I hate myself for feeling the way I do but when I Realise that its not my fault I know who the hell to fucking blame for this.

I dont know and I dont care what he wants from me ...I want to leave this city ..this house ..This hell because It does nothing but weigh me down. I want to yell so much and so hard at my asshole of a father that he finally realizes what he does to me........ITs inhuman to treat your own children like this....I cant even be with the one person that keeps me sane and happy because shes too far away.
I know only she can make me happy ...I only want to tell my father once and for all to go to hell ....I want to tell him to fuck off and now that I think of it I am fucking glad that he is gone so much because nothing GOod comes from having him here.
All he does is yell and complain and make everyone feel like shit.
IT was never my fault for the problems in his life...Its not my fault he grew up without a father..ITs not my fault for ALL of his shit but he would have me believe it is. My girlfriend does all she can to help me and all I can bring myself to do is to apologize to her for being so hateful of my father...I dont like to show her my wounds and I cant even imagine how good of a father I would make. I never EVER want to put my children through this shit. I never want them to grow up Secretly hating me because all I do is make them feel like shit..I dont want to blame my kids for my faults and I never want to put them through the hell that my father has put me  through.
I want to leave this house because of all the crap that has gone on...I want to leave this pain and these people behind.

I want to live the rest of my life happily without any pain, without any sorrow...without ever hearing my father speak to me ever again. I never only am just filled with hate when it comes to my father.....I Feel so sad because I am so hurt...I cry so much because that bastard Feels its alright for him to do / say whatever the fuck he wants and tomorrow it will just be fine. I will just forget and move on.
I will never forget and ON the day that I will finally be free I will tell him. I will tell him everything. If it kills me to do so I will.
I can hardly even talk right now because everytime I want to say how shitty I feel and why all I can do is cry.

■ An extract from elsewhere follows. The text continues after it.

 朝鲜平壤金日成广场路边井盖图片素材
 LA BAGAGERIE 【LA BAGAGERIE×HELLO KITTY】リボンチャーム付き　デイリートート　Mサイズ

My father is the cause. He's the reason why I am the way I am. And the rest of my family is no better.
I wish I could get away from my grandfather telling me to get a job or join the fucking army. I wish I could get away from my aunt that was so pissed that I didnt want to go back to school this year. I want to get the hell away from my asshole middle brother that makes me feel like shit for what he's had to go through and thinks I should give him everything without batting an eyelash..I hate them all ...They all have their special place in my hell. I want to leave because anywhere but here would be paradise. I would feel bad for the friends I left behind but I would tell them why...I would let them know that I was never truly on the inside happy ..That there was a whole shit load of garbage inside me that was making me stay angry all the time. I would tell them I didnt share it with them before because I dont want people to see my wounds. I dont want them to see my pain. I dont want them to be aware of how deeply shitty I feel.
I know that they would help if I told them and for that reason I will always love my friends. I know they would show care and they would do what they could to help but its not for them to help. It's for me to do and when I do finally tell my father what the fuck he has done and keeps doing to me I wont be around anymore.
I'll be gone for a long time and maybe I would talk to my friends again or I would just start over I am not sure. I would never mean any disrespect for my decision and I would hope that my friends would remember me each in their own way like I would remember them in my own way.